When Congress amended the asylum statute in the Illegal Immigration Reform and Immigrant Responsibility Act of 1996 (“IIRIRA”), it reaffirmed its prior explicit authorization of access to asylum for anyone “who is physically present in the United States or who arrives in the United States,” “whether or not” they arrive “at a designated port of arrival.” In 1995, the year before passing IIRIRA, Congress considered and rejected an amendment which would have barred asylum to those who, “before arriving at the United States, passed through another country”—and even then, only if “the Secretary of State ha[d] identified [the transit country] as providing asylum or safe haven to refugees.”2 Instead, in IIRIRA Congress mandated that a person was barred from asylum eligibility when coming from a country with which the United States had a safe third country agreement or when the asylum seeker had been firmly resettled in a third country. 8 U.S.C. §1158(d)(5)(B) provides that the administration may not issue regulations that are inconsistent with these provisions. When the agencies promulgated regulations in 1997 to implement IIRIRA, they included the provision that an individual “asylum application may be denied in the discretion of the Attorney General if the alien can be removed to a third country which has offered resettlement and in which the alien would not face harm or persecution.”3
The NPRM, at 88 Fed. Reg. 11735-11741, nonetheless argues that Congress gave the agencies the authority to presume ineligible for asylum all people who come to the southwest border after transiting through other countries where they have not been rejected for asylum and who ask for asylum after crossing between ports of entry or at a port of entry without a CBP One appointment. The NPRM does this by making a few unconvincing arguments. First it claims that the “text and the structure” of IIRIRA—namely that section 1158 splits asylum applications and eligibility into two subsections—indicate that Congress meant to have whole categories of asylum seekers apply for asylum for no purpose since they could never be granted asylum, i.e, Congress called for the creation of an application process to nowhere and wanted the agencies to spend their time rejecting applications by people ineligible for asylum. This argument not only, in the words of Judge Richard Paez, “borders on absurdity.”4 It also does not seem to be made in good faith given the emphasis throughout the NPRM on the need to improve the efficiency of the asylum system.

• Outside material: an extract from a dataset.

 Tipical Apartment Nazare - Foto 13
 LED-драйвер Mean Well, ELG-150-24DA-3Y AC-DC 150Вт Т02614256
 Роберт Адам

Indeed, the agencies also argue that, because they have the discretionary authority to consider transit through third countries and manner of entry in adjudicating individual asylum cases, Congress meant to give them the authority to do this “across a category of similarly situated” asylum seekers in the name of the “overall efficiency of the system” and to “encourage other countries in the region to share in the protection of migrants” (88 FR 11737). In administering the bars on asylum eligibility detailed in the NPRM, the agencies will not assess whether the individual asylum seeker could safely stay in a transit country and effectively secure protection there. This approach to asylum fundamentally clashes with the case-by-case asylum adjudication system delineated by Congress in the Refugee Act of 1980, IIRIRA, and the Real ID Act of 2005. Departure from this approach and authority to handle categories of asylum seekers in a certain way must be explicitly articulated by Congress, as it did in 1996 not only in establishing the one year asylum application filing deadline but also when it mandated that all people forced to abort a pregnancy or to undergo involuntary sterilization, or persecuted for failure or refusal to undergo such a procedure, would be considered to have been persecuted on account of political opinion. The NPRM also violates IIRIRA by fundamentally changing the credible fear screening process. Congress designed it to be a “low screening standard for admission into the usual full asylum process.”5 Instead, under the NPRM, asylum seekers would be required, at the credible fear screening stage, to prove to an asylum officer “by a preponderance of the evidence that exceptionally compelling circumstances exist” exempting them from asylum ineligibility. If they cannot do this, they would have to prove to the asylum officer, at the credible fear stage, that they are worthy of asylum on the merits (i.e., what they shouldn’t have to prove until the later full asylum process).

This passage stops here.